When geologist J.S. Newberry found the bones of the Dystrophaeus on the confluence of the Colorado and Green rivers in 1859, he could dig out only a few and told others later that there were more to be removed. But the site's location was lost for decades, and the work hasn't continued until now.

The excavation started last week and included a special ceremony Thursday marking the discovery more than a century and a half earlier.

Soon after Newberry's discovery, the Civil War broke out and his report languished for about 17 years, said John Foster, the executive director of the Museum of Moab.

The report was buried when it was finally published, Foster said, and eventually the site's location above a canyon south of Moab was lost. Researchers rediscovered it in the late 1980s after a 12-year search.

Since then, Foster said it's taken years to come up with a plan and funding to pay for the excavation.

The project is now being paid for by a grant of about $9,000 from the nonprofit Canyonlands Natural History Association, Foster said.

The site is difficult to access, located on a steep sandstone slope about 250 feet above the canyon floor.

Equipment and large chunks of rock have to be ferried down the cliff face and walked out of the canyon, Foster said.

He said there's more bone than researchers expected, so the excavation work will continue into 2015 and possibly the year after that.

Once pulled from the sandstone, the bones of the long-necked, long-tailed vegetarian dinosaur are headed to the Natural History Museum of Utah in Salt Lake City to be studied.

Foster said it will take about a year to clean the bones from the surrounding rock and assemble what they have.

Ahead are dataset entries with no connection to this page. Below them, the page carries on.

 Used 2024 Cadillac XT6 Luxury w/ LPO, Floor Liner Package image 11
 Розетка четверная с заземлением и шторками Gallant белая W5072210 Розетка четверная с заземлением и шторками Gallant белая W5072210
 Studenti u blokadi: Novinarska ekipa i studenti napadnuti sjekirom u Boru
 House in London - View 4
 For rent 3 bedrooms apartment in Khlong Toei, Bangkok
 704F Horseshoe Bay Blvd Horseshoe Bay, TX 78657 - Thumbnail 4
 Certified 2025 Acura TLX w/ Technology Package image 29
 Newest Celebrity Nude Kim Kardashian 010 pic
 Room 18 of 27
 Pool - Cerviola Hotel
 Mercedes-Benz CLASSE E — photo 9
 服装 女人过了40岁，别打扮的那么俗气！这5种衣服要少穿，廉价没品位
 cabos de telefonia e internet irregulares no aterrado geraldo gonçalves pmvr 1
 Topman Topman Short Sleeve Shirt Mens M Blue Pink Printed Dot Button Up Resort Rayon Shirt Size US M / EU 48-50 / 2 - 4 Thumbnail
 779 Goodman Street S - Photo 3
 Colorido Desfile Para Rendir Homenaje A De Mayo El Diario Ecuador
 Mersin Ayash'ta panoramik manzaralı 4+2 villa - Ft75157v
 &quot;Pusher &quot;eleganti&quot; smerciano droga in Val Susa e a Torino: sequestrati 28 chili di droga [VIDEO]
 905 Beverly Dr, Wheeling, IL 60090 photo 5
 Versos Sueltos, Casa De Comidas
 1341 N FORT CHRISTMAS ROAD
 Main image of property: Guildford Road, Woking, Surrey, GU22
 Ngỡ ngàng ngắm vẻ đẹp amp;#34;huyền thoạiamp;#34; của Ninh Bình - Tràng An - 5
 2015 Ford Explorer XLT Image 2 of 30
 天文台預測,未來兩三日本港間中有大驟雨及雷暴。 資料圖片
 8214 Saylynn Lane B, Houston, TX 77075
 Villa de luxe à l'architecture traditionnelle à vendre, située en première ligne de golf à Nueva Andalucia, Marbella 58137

Some of the skeleton eventually will be displayed at that museum, while other parts will be lent to the Museum of Moab.

The bones are the oldest sauropod dinosaur bones in North America, so studying the skeleton will help paleontologists understand the origins of sauropods on the continent.

Foster said scientists also hope to discover if and how this particular specimen is related to younger sauropods, which scientists know relatively well.